We’re familiar with AI tools and large language models (think chatGPT), but there are also smaller language models that have distinctive and highly useful features. I am not quite sure “small” is the right adjective, as these models are still, well, large — the files for those I’ve been using are a few GB in size, and developing the models still takes ridiculously abundant resources. But, they’re a heckuva lot smaller than models like those behind chatGPT, they are freely downloadable, and, critically, you can run them exclusively on a laptop computer without access to the Internet, and with no sharing of your data in any form with any company.
Let me give an example. I’ve been playing with these tools a lot. I’ve been using the LM Studio software, which lets you download one or more models — small, especially, but some quite large. Below, for instance, see some information on an “open source” model (from, well, Meta), Llama-3.1. You can see the model is 4.92 GB.
After downloading it, you can, well, use it! Let’s ask what it thinks of being small…
The advantage here is if you have research data, for instance, you in many cases cannot upload this data to chatGPT and its servers — it would violate our consent process and Institutional Review Board protocol for human subjects research.
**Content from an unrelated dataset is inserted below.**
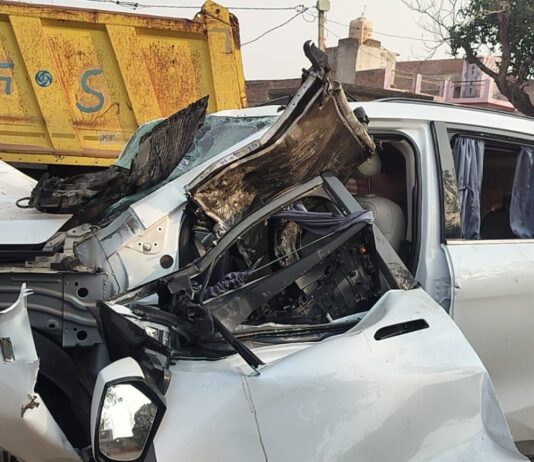 हाईवे पर रफ्तार व लापरवाही का कहर : कार डिवाइडर से टकराई, कारोबारी, पत्नी-बेटी व चालक की मौत, 5 घायल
In short, we can’t share private data with chatGPT. But, as long as we can confirm that zero data is being shared back to LM Studio and Meta (or the creators of any model we use), we can use one of these small language models. For instance, I recently used the model above to write one paragraph summaries to help us to be able to select and more carefully read transcripts of the audio from a recent workshop with teachers. I am also exploring using them to match names from parent consents and student assents.
So, small language models may be useful for a lot of tasks that one could use chatGPT for if data privacy were not an issue (for research, it is). There’s one last cool aspect of these small language models — you can program with them.
Click the button on the “developer” tab to turn on “server mode”.
Then, a sipmle little python code snippet lets you interact with it through, well, code.
import requests
url = "http://localhost:1234/v1/chat/completions"
headers = {"Authorization": "Bearer lm-studio", "Content-Type": "application/json"}
payload = {
"model": "meta-llama-3.1-8b-instruct",
"messages": [{"role": "user", "content": "Say hi from Knoxville!"}],
}
r = requests.post(url, headers=headers, json=payload)
The magic here is that when we can interact through code, we can try creative things, like sending hundreds, thousands, or tens of thousands (or more) transcripts to the small language model to summarize. In this way, we can do things that are difficult to do simply by copying and pasting text into chat — like analyzing data or building a tool or app that uses the small language model.
In short, small language models are awesome (for research, especially), and underrated relative to the more fancy models we can use through services like chatGPT.
Thanks to my friend Marcus Kubsch for making me aware of LM Studio more than a year ago.